= MATERIAL SUPPLIED =

=== Begin Enclosure ===

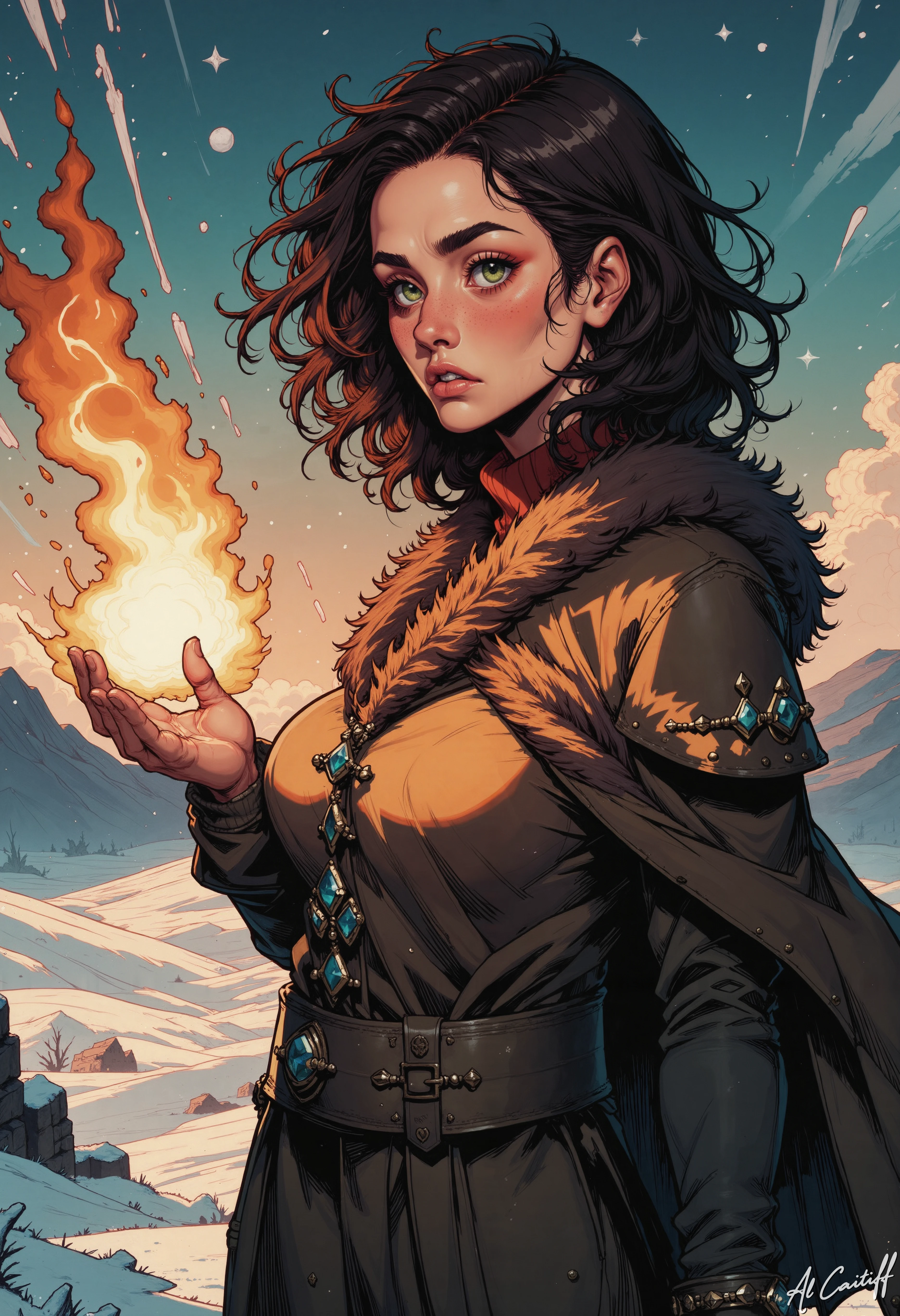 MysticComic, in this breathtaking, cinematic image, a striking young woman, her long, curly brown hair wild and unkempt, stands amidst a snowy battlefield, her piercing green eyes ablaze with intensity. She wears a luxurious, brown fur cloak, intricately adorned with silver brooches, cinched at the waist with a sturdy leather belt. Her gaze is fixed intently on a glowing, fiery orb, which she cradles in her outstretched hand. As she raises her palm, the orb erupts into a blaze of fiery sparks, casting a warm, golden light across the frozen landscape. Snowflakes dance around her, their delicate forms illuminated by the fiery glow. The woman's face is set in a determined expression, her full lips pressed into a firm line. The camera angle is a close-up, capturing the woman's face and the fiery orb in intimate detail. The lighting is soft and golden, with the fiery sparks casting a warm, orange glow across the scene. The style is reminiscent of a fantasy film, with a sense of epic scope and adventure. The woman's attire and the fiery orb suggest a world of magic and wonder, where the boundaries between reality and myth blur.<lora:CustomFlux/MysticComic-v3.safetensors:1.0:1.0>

=== End Enclosure ===
=== Begin Enclosure ===

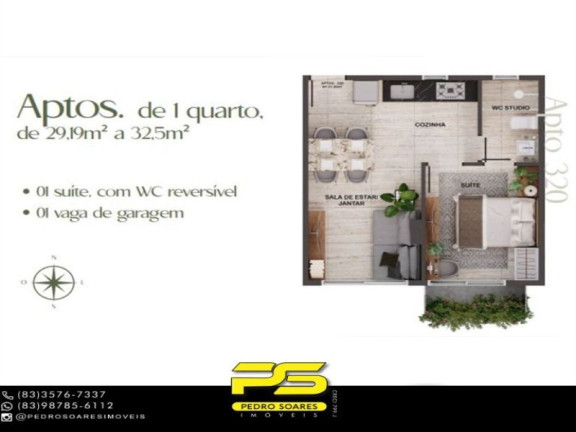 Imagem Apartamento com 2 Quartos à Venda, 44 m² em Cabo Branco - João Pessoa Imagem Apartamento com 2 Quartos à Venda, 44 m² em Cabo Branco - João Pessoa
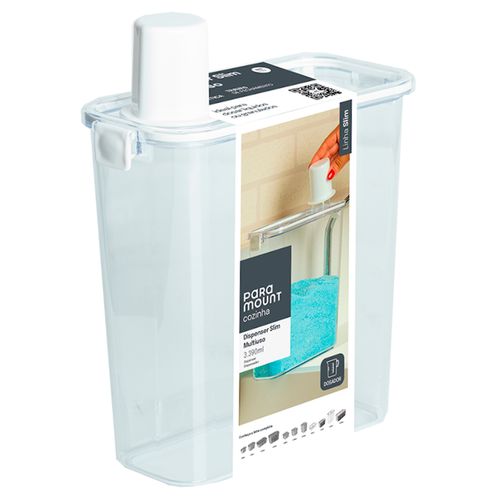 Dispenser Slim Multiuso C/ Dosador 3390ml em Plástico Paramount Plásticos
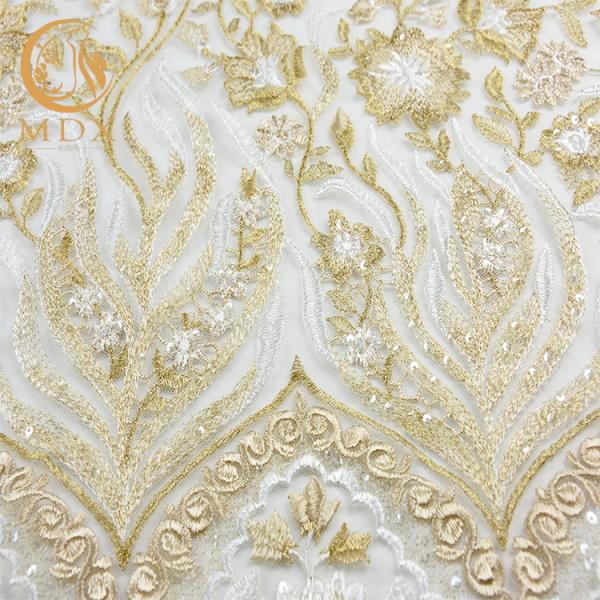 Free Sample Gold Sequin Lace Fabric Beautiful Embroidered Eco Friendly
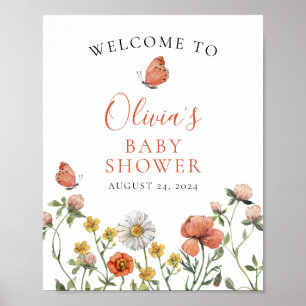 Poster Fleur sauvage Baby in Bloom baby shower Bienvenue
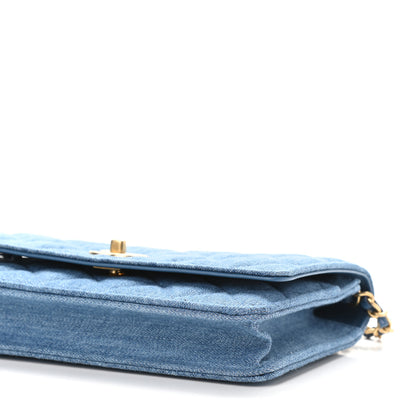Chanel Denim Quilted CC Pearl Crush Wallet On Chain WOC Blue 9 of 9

=== End Enclosure ===

= WHAT YOU NEED TO DO =
Copy exactly the lines of the entries above from the one containing "Free Sample Gold" through the one containing "Chanel Denim Quilted". Both end lines count; pictures do not.

= ANSWER AREA =
 Free Sample Gold Sequin Lace Fabric Beautiful Embroidered Eco Friendly
 Poster Fleur sauvage Baby in Bloom baby shower Bienvenue
Chanel Denim Quilted CC Pearl Crush Wallet On Chain WOC Blue 9 of 9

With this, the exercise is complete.